• [Exercise goal]: Reproduce only this stretch of the listing below: from the line with "2011-2013 Toyota Highlander" through the line with "Millonarios", exactly as written, with pictures excluded.

• [Record set]:
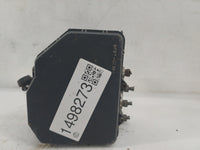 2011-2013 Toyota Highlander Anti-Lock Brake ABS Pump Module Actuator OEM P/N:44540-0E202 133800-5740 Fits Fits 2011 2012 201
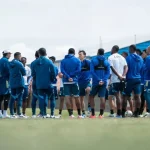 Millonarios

* * *

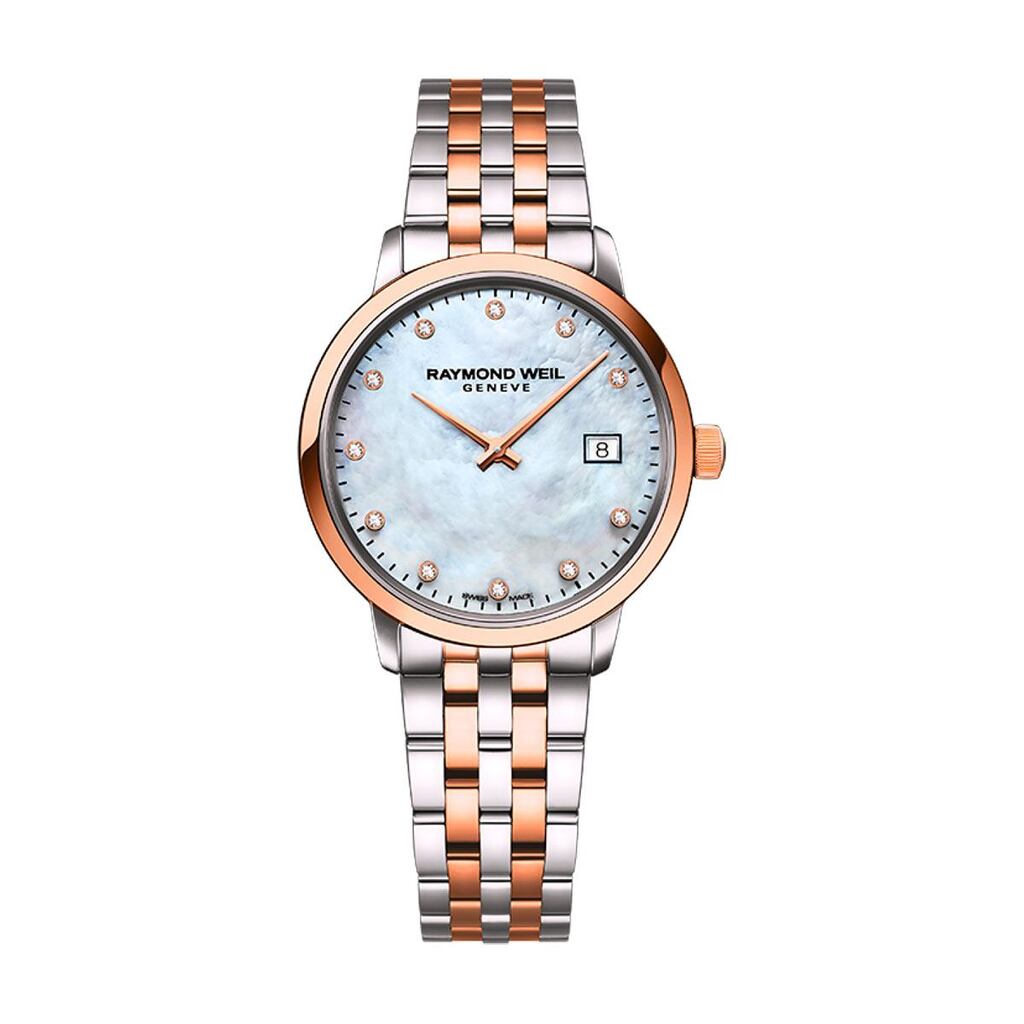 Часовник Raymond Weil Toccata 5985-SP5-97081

• [Response]:
 2011-2013 Toyota Highlander Anti-Lock Brake ABS Pump Module Actuator OEM P/N:44540-0E202 133800-5740 Fits Fits 2011 2012 201
 Millonarios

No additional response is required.